#### This cell imports necessary libraries in order for the code to work when using imported functions.

In [410]:
import os
import pandas as pd

import numpy
import pymysql
import mysql.connector
from sqlalchemy import create_engine

#### This cell gets the current directory, and reads a local csv data file.

In [411]:
data_dir = os.path.join(os.getcwd())
data_file = os.path.join(data_dir, 'dogs_cleaned.csv')

df = pd.read_csv(data_file, header=0, index_col=1)
#df.head()

#### This cell allows the user to interact with the data and choose which columns of information are relevant to them using the input method. The user enters the columns of data they want to see as list separated with commas (no spaces).

In [412]:
print("Please choose what information you would like to see about each dog breed.")
print("These are the column names:")
col_names = """
Dog Size, Dog Breed Group, Height, Weight, Life Span, Adaptability, Adapts Well To Apartment Living, 
Good For Novice Owners, Sensitivity Level, Tolerates Being Alone, Tolerates Cold Weather, Tolerates Hot Weather, 
All Around Friendliness, Affectionate With Family, Kid-Friendly, Dog Friendly, Friendly Towards Strangers,
Health And Grooming Needs, Amount Of Shedding, Drooling Potential, Easy To Groom, General Health, Potential For Weight Gain,
Size, Trainability, Easy To Train, Intelligence, Potential For Mouthiness, Prey Drive, Tendency To Bark Or Howl,
Wanderlust Potential, Physical Needs, Energy Level, Intensity, Exercise Needs, Potential For Playfulness
"""
print(col_names)
print("NOTE: Please enter the column names separated by commas with no spaces before and after the comma")
print("An example input would be: Dog Size,Height,Weight,Life Span")
select_cols = input("Please choose which columns of information you would like to see: ")
select_cols_list = select_cols.split(",")
print("Your selected columns are:", select_cols_list)
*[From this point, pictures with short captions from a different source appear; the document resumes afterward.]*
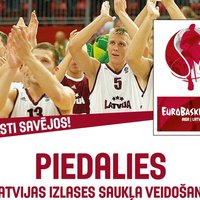 Līdzjutējus aicina radīt Latvijas basketbola izlases saukli ceļā uz 'EuroBasket2015'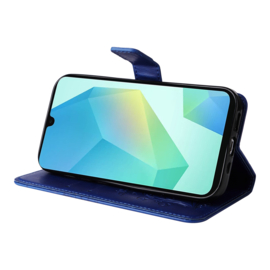 PU BookCover Hoes Etui voor Samsung Galaxy A16 - A26  - Blauw -   Vlinders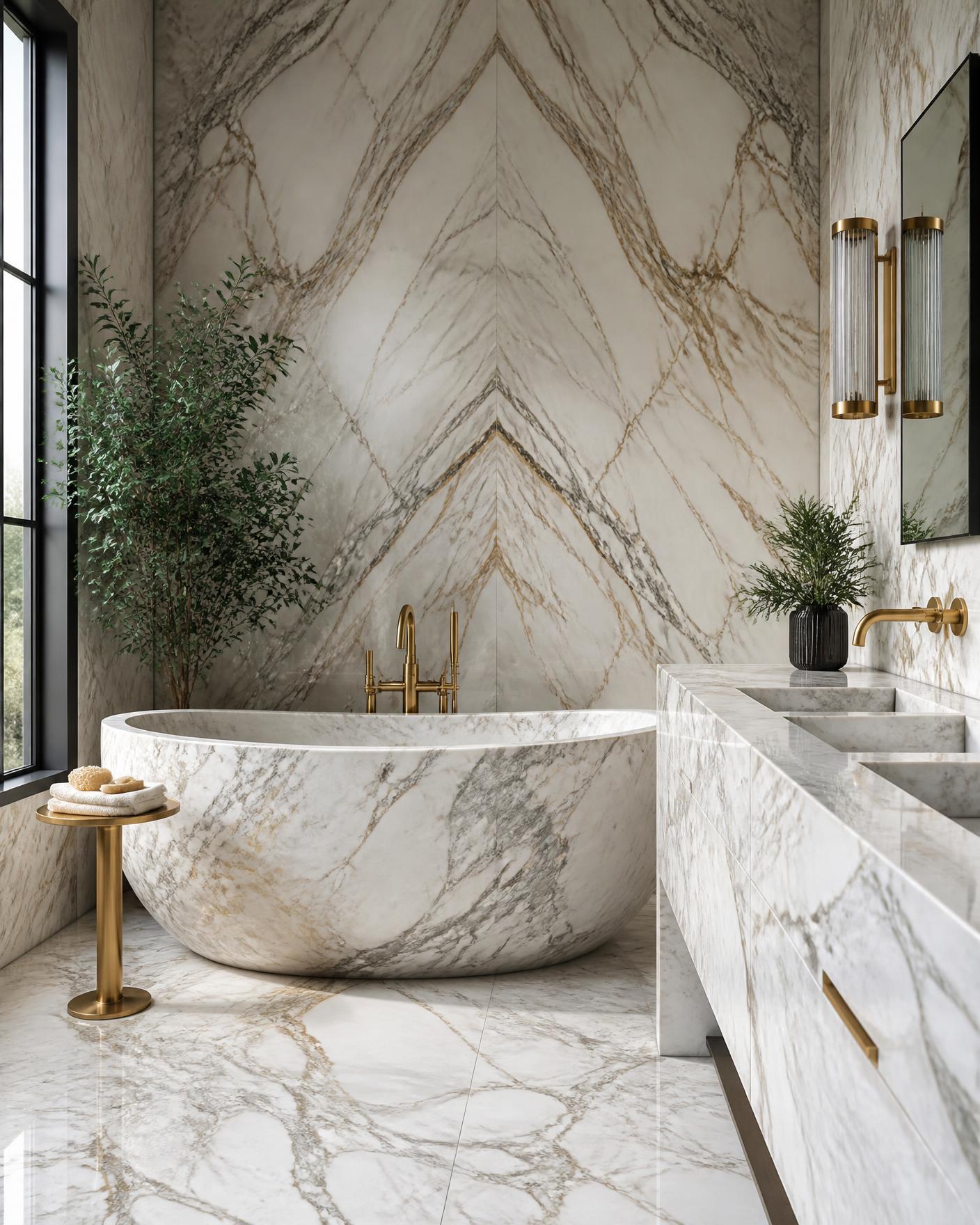 Calacatta Gold Principal Bathroom in Calacatta Gold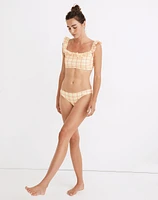 Madewell x Solid & Striped® Paloma Bikini Bottom in Seersucker Gingham | Madewell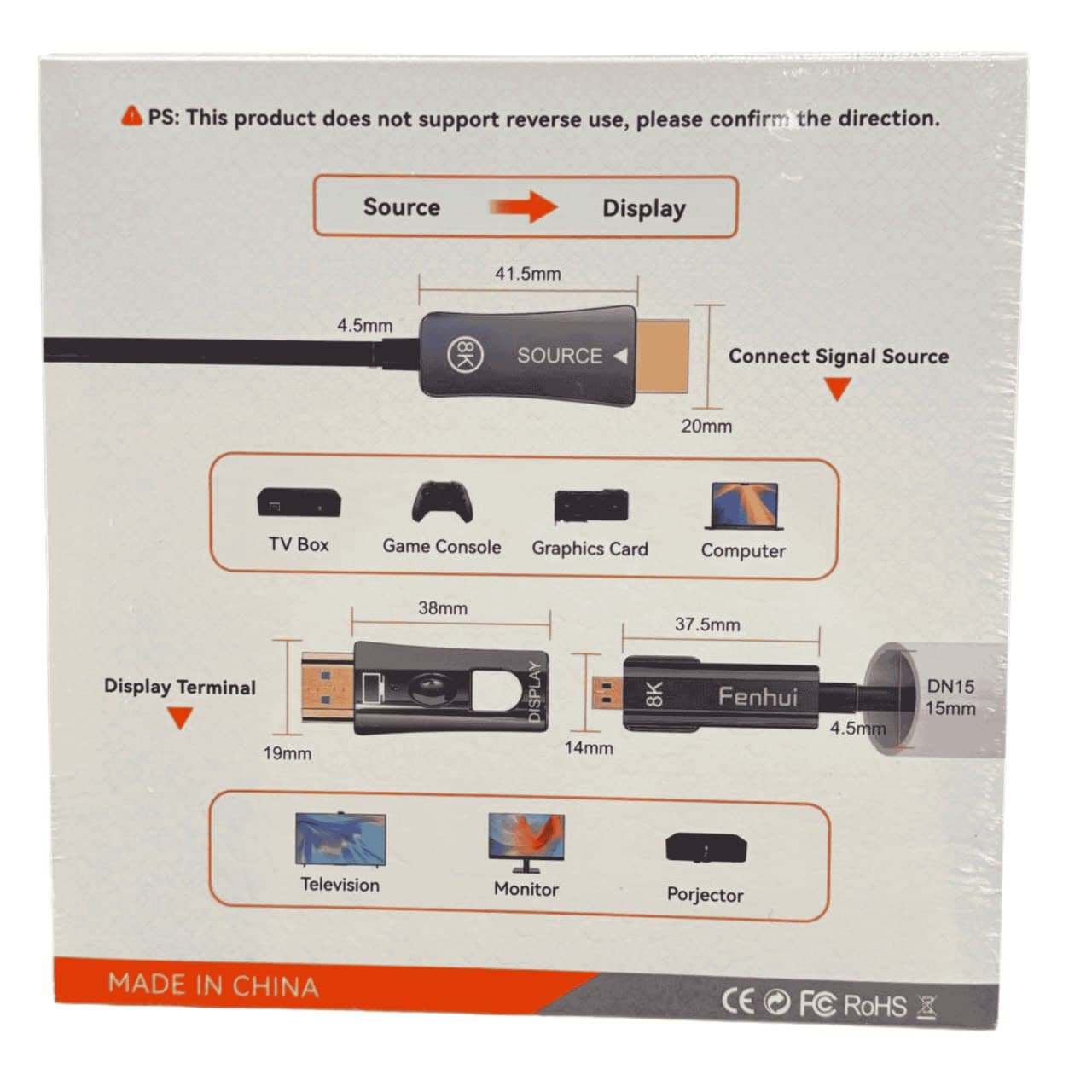 FENHUI HDMI Fiber Optical Cable 20m - 2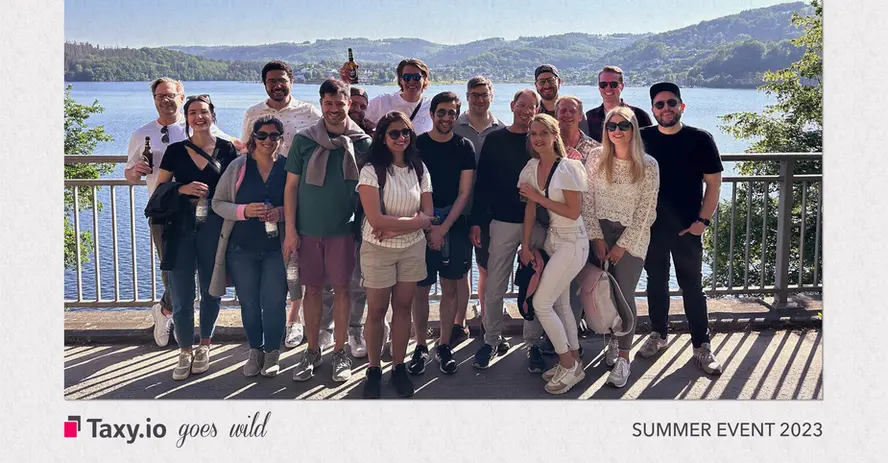 Taxy.io goes wild - Sommerfest im Schilsbachtal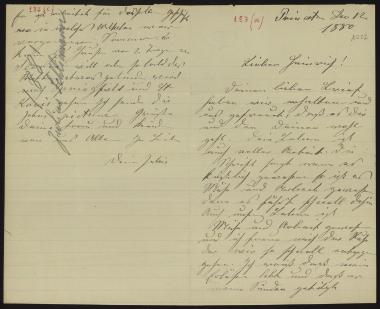Letter sent by Schliemann, Julius to Schliemann, Heinrich, 1880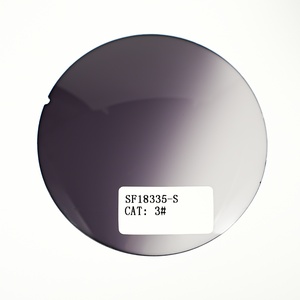 Phổ biến CR39 <span class=keywords><strong>UV400</strong></span> <span class=keywords><strong>HMC</strong></span> <span class=keywords><strong>EMI</strong></span> Gradient màu kính mát ống kính - Product Image 1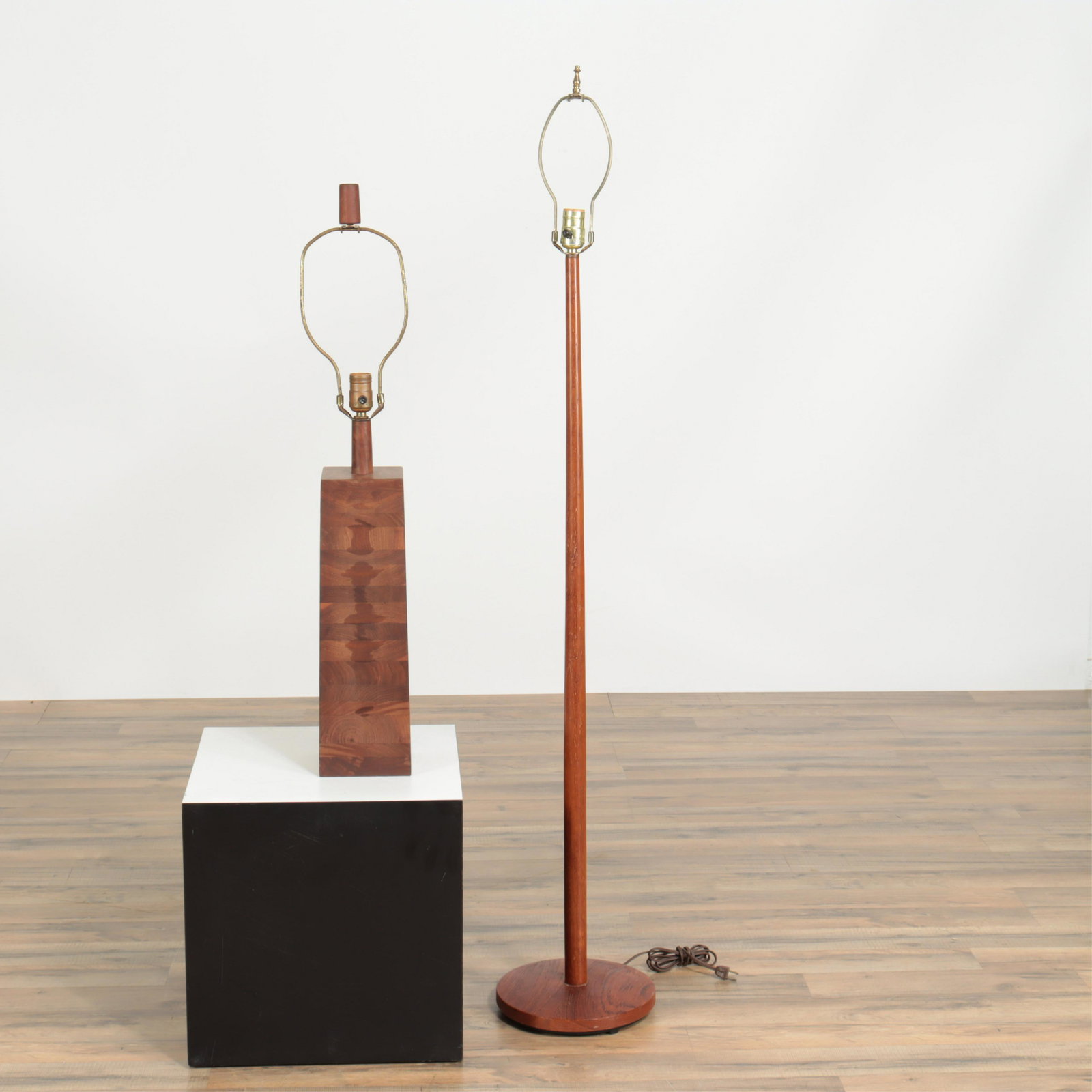 Swedish Teak Floor Lamp & Table Lamp (1 of 6)
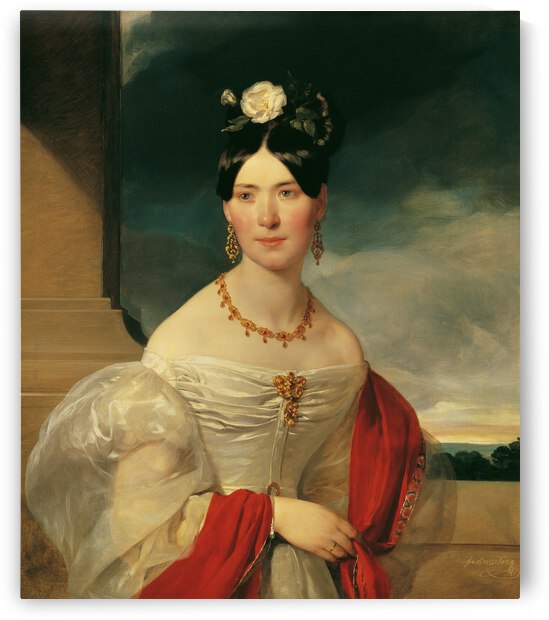 Friedrich von Amerling   Marie Freiin Vesque by artcenter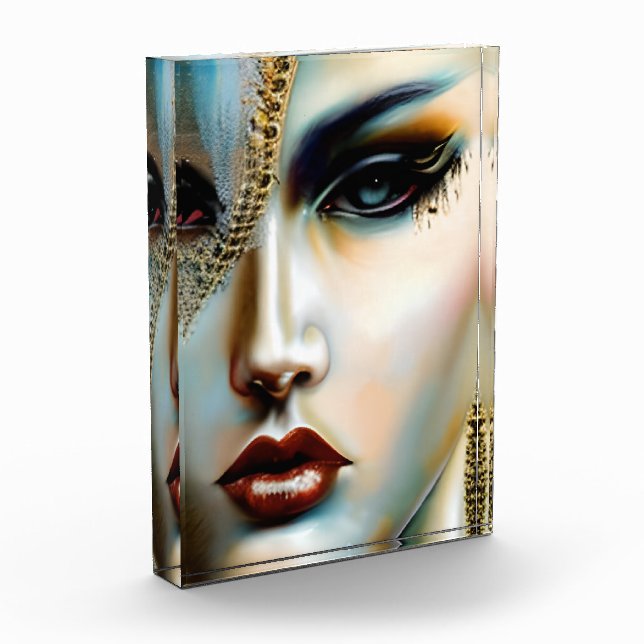 Bloque Para Fotos La bella etérea Diosa Dorada (Izquierda)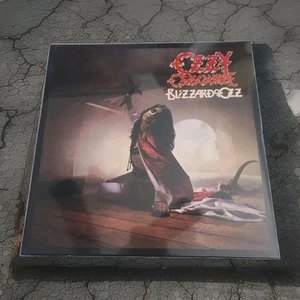 OZZY OSBOURNE BLIZZARD OF OZZ SILVER WITH RED SWIRLS COLOR RECORD ITALEY - Picture 1 of 6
Please choose what information you would like to see about each dog breed.
These are the column names:

Dog Size, Dog Breed Group, Height, Weight, Life Span, Adaptability, Adapts Well To Apartment Living, 
Good For Novice Owners, Sensitivity Level, Tolerates Being Alone, Tolerates Cold Weather, Tolerates Hot Weather, 
All Around Friendliness, Affectionate With Family, Kid-Friendly, Dog Friendly, Friendly Towards Strangers,
Health And Grooming Needs, Amount Of Shedding, Drooling Potential, Easy To Groom, General Health, Potential For Weight Gain,
Size, Trainability, Easy To Train, Intelligence, Potential For Mouthiness, Prey Drive, Tendency To Bark Or Howl,
Wanderlust Potential, Physical Needs, Energy Level, Intensity, Exercise Needs, Potential For Playfulness

NOTE: Please enter the column names separated by commas with no spaces before and after the comma
An example input would be: Dog Size,Height,Weight,Life Span
Please choose which columns of information you would like to see: Heigh

#### This cell uses a try/catch to make sure the user entered column names that are in the data set with no spelling mistakes abiding by the syntax. The code in this cell catches these errors and tells the user what to do if this happens.

In [413]:
try:
    breed_id = numpy.arange(0, 391)
    df1 = df.get(['Breed Name'])
    df2 = df.get(select_cols_list)
    df = df1.join(df2, lsuffix='_caller', rsuffix='_other')
    df.insert(0, 'breed_id', breed_id, True)
except:
    print("You did not enter the column names correctly or abide by the syntax!")
    print("Please rerun the cell above and re-enter the information.")
    
    
# while retry == True:
#     select_cols = input("Please choose which columns of information you would like to see: ")
#     select_cols_list = select_cols.split(",")
#     column_input_check()


#### This cell uses input methods to ask the user to enter information regarding their local instance of MySQL server in an attempt to connect to their server.

In [414]:
# host_name = "localhost"
print("The following statements are regarding your local instance of MySQL server running on your device.")
host_name = input("Please enter the host name: ")
# host_ip = "127.0.0.1"
host_ip = input("Please enter the host ip address (default value is 127.0.0.1): ")
# port = "3306"
port = input("Please enter the port number: ")
# user_id = "root"
user_id = input("Please enter the user id: ")
# pwd = "$33cw@L4dB8s"
pwd = input("Please enter the password: ")
dst_dbname = "dog_breeds"

The following statements are regarding your local instance of MySQL server running on your device.
Please enter the host name: localhost
Please enter the host ip address (default value is 127.0.0.1): 127.0.0.1
Please enter the port number: 3306
Please enter the user id: root
Please enter the password: $33cw@L4dB8s


#### This cell uses a try/catch to check that it was able to successfully connect to a local instance of MySQL server on the user's laptop. If it couldn't connect successfully, it tells the user what the error may be and what to do to enter their information again.

In [415]:
try:
    conn_str = f"mysql+pymysql://{user_id}:{pwd}@{host_name}"
    sqlEngine = create_engine(conn_str, pool_recycle=3600)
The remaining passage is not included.